The effect of demineralization on Dt values was
strongly dependent on sporulation temperature. The
D102°C of spores formed at 52°C was
decreased from 15 min for native to 3.8 min for demineralized spores
(Fig. 1a). The effects of
demineralization on heat resistance were even greater at higher
temperatures (Fig. 2 and Table
1). Demineralization had less effect on
spores produced at 32°C. As shown by Fig. 1b, the
D103°C was 1.1 min for native spores and 0.94 min for demineralized spores. No statistically significant differences
(P > 0.05) could be found among
Dt values of native and demineralized spores at
heating temperatures in the range 95 to 110°C, and they only were
reduced to one-third at temperatures around 120°C (Fig. 2 and Table
1). Higher sporulation temperatures usually lead to more-resistant
spore crops (6, 10, 19), and a relation between sporulation
temperature and mineralization has been proposed (6, 20).

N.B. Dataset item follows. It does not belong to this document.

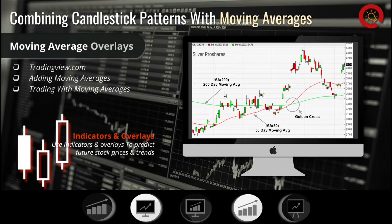Moving averages can provide you with all sorts of stock data, such as helping you identify when a trend has either begun or ended. They are among the most popular overlays used for technical analysis. The two lines applied to the candlestick day chart shown here are the 200-day moving average and the 50-day moving average. They represent the closing price average from the past 50 days and the past 200 days.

However, the presence of different pools of minerals in the spore that
are not always related to heat resistance (23, 28) reduces
the significance of this hypothetical relationship. Our results (Fig.
2) demonstrated that differences in heat resistance between spores
obtained at 32 and 52°C decreased after demineralization. These
results point out that sporulation temperature increases heat
resistance by increasing the mineralization of bacterial spores. Still,
heat resistance at pH 7 of demineralized spores sporulated at 52°C
was slightly higher than that of demineralized spores sporulated at
32°C (Fig. 2). Other mechanisms besides mineralization, such as
protoplast dehydration level (6) and the possible formation
of heat shock proteins in spores sporulated at higher temperatures
(18), could be related to the higher heat resistance of
demineralized spores sporulated at higher temperatures.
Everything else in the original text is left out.